▶ _YOUR TASK_: Your task is to print all of the data below exactly, with no pictures included.

▶ _PROVIDED DATA_:
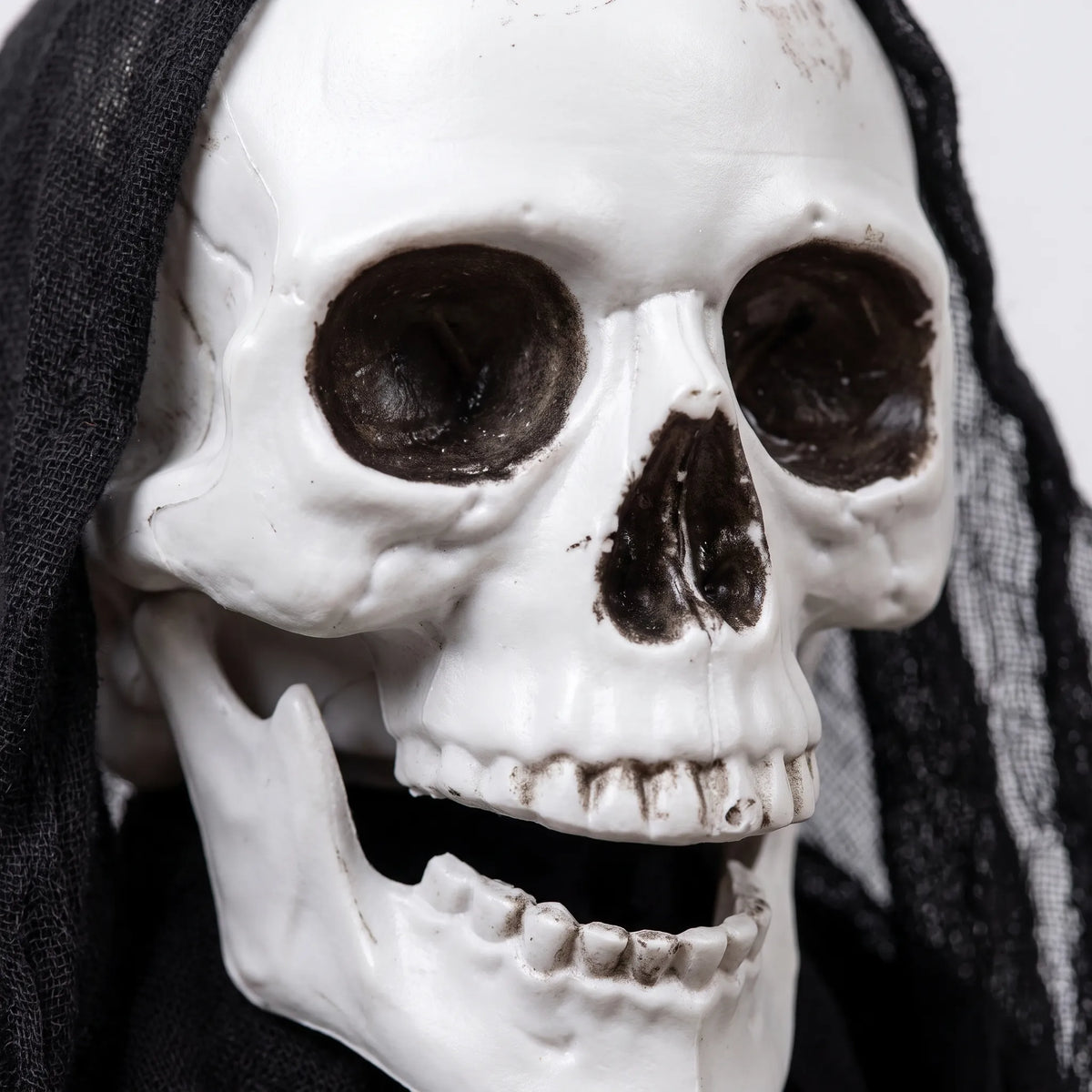 Hanging Halloween Skeleton Decoration with Glowing Eyes 33cm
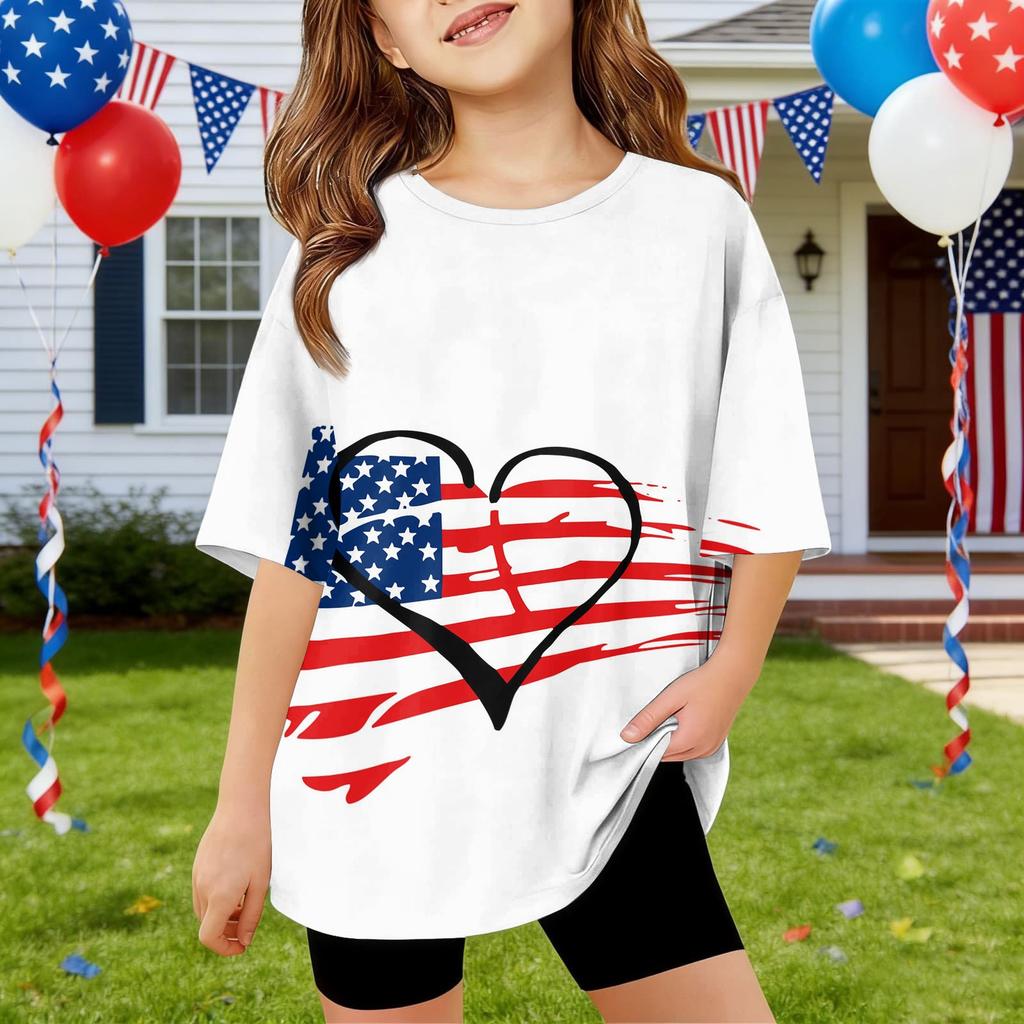 Kids Independence Day Print Round Neck Short Sleeve Casual T-shirt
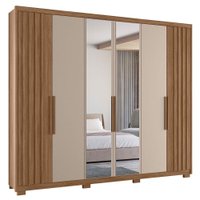 Guarda Roupa Casal Espelho 6P 260 cm Araguaia Carvalho Fendi Moval
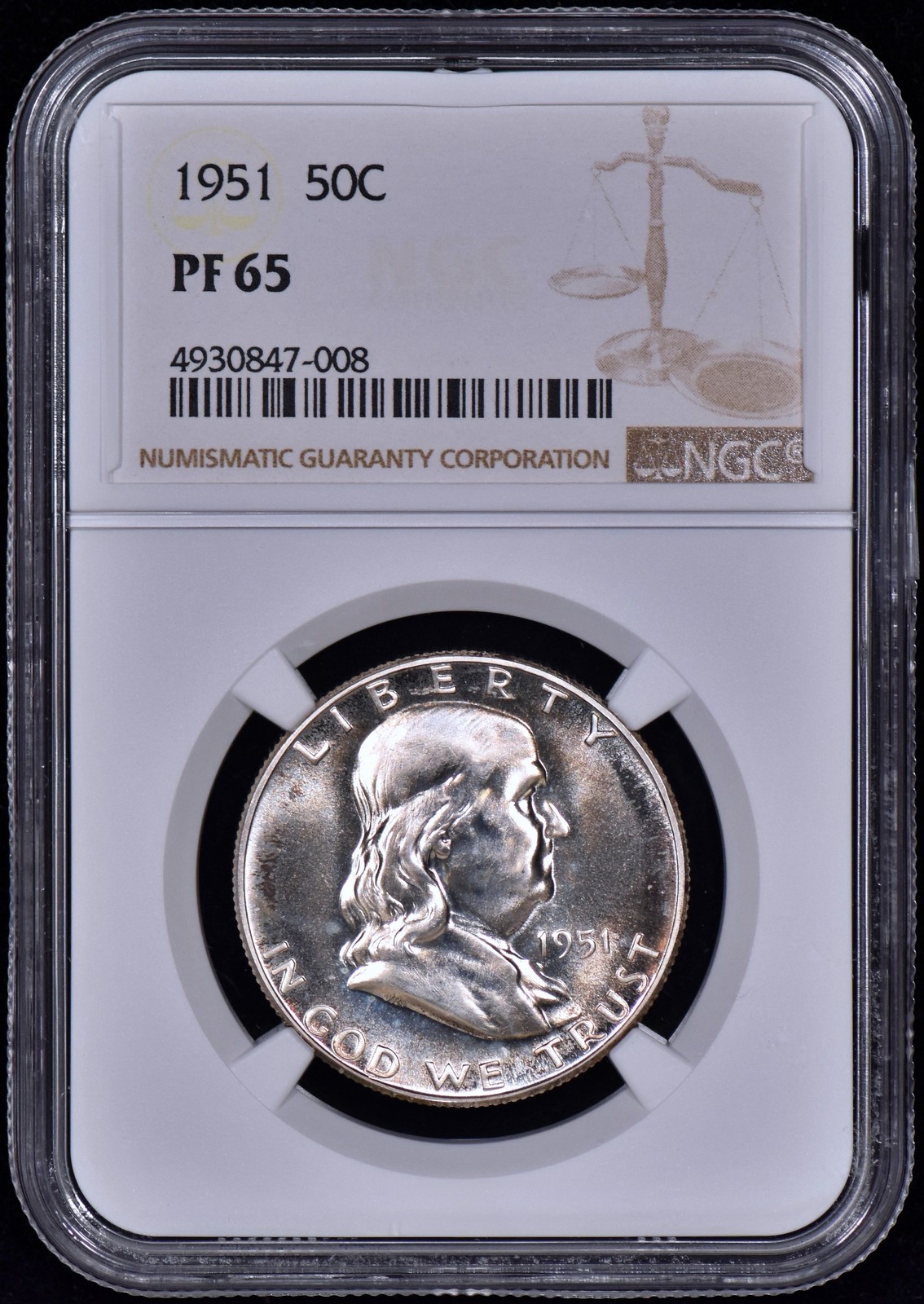 1951 Proof Franklin Half Dollar 50c NGC PF65 (PR65) Toned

▶ _ANSWER_:
 Hanging Halloween Skeleton Decoration with Glowing Eyes 33cm
 Kids Independence Day Print Round Neck Short Sleeve Casual T-shirt
 Guarda Roupa Casal Espelho 6P 260 cm Araguaia Carvalho Fendi Moval
 1951 Proof Franklin Half Dollar 50c NGC PF65 (PR65) Toned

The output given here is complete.